= TASK DIRECTIONS =
Exact reproduction required: the lines below from the line with "KGV 1 1 2d Red" to the line with "China Jewelry DIY", both ends included, and no others.

= SUPPLIED ENTRIES =
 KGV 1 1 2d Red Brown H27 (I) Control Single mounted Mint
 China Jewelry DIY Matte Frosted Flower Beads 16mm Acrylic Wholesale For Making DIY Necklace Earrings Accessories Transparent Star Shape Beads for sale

---

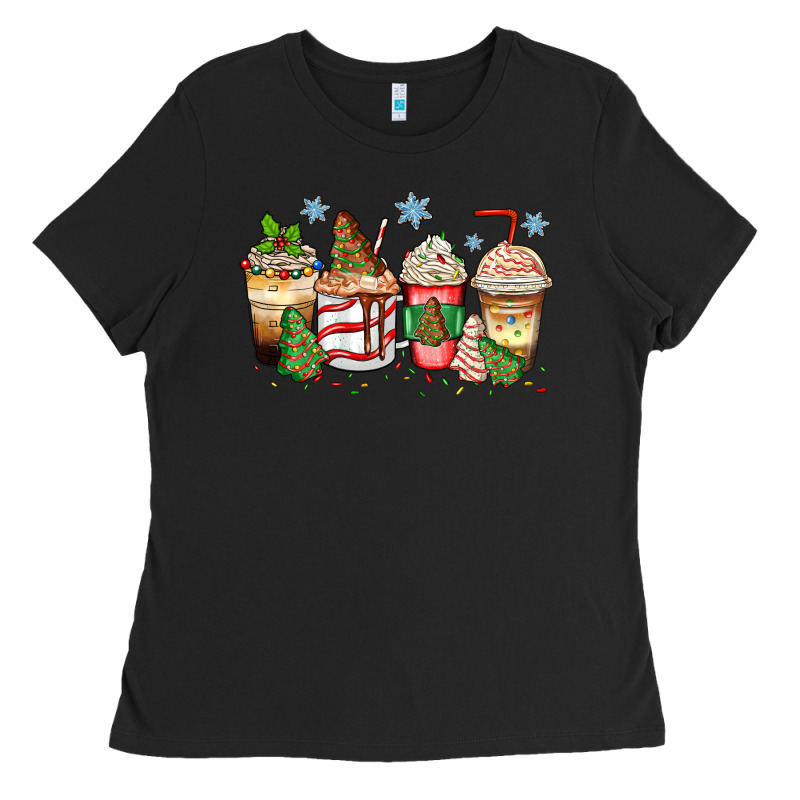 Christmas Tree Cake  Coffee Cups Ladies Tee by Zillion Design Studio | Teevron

* * *

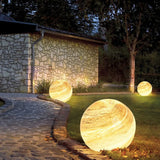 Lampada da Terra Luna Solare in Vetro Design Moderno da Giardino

= OUTPUT OF THE EXERCISE =
 KGV 1 1 2d Red Brown H27 (I) Control Single mounted Mint
 China Jewelry DIY Matte Frosted Flower Beads 16mm Acrylic Wholesale For Making DIY Necklace Earrings Accessories Transparent Star Shape Beads for sale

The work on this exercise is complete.